Pressure drop in fluidized dense phase pneumatic conveying involves frictional interactions among gas, particle and pipe wall. There have been numerous correlations proposed by different researchers for predicting the pressure drop in fluidized dense phase conveying. In this paper steady state flow equations have been written for different phases and these equations are solved by assuming certain factors for different conveying materials. For writing the flow equations, a single gas phase and certain number of solids phases (which are chosen based on the particle size distribution of the conveying material) have been considered. Experimental data have been used as initial conditions at the exit of the pipeline in order to solve for the value of the flow parameters at the inlet of the pipeline.
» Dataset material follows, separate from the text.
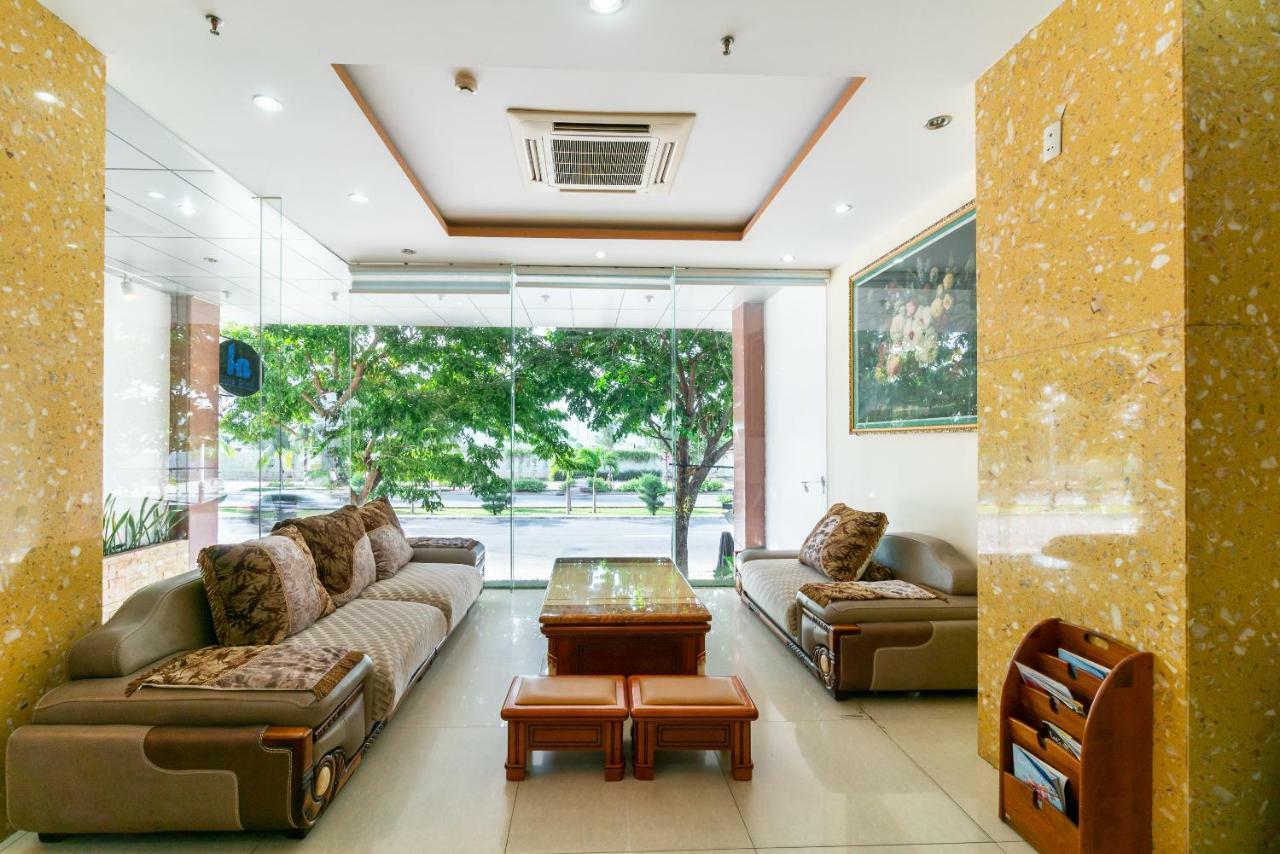 Oyo 375 Hoa Binh Hotel Da Nang Exteriör bild
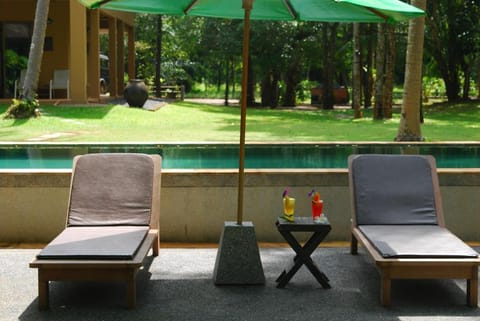 Melina's Beach Front Bungalows Resort in Krabi Changwat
Experimental data have also been used to find the maximum possible conveying distance or maximum possible conveying pipeline diameter by imposing certain limiting conditions of conveying. Scaling equations for the solids mass flow rate and the air mass flow rate have been used to predict the pressure drop for different pipeline diameters and pipeline lengths. Conveying materials are of non-uniform particle sizes, but have a size distribution. Conveying material is a mixture of solids phases of different mean particle diameters. Each solids phase introduces frictional force with pipe wall during the conveying process, which contributes to the pressure drop. Other forces involved are frictional forces due to gas and pressure forces. [Display omitted] ► Pressure drop is predicted considering number of solids phases. ► Solids friction coefficient is correlated with a material property parameter. ► The model is simulated under pipeline length and diameter scale-up conditions.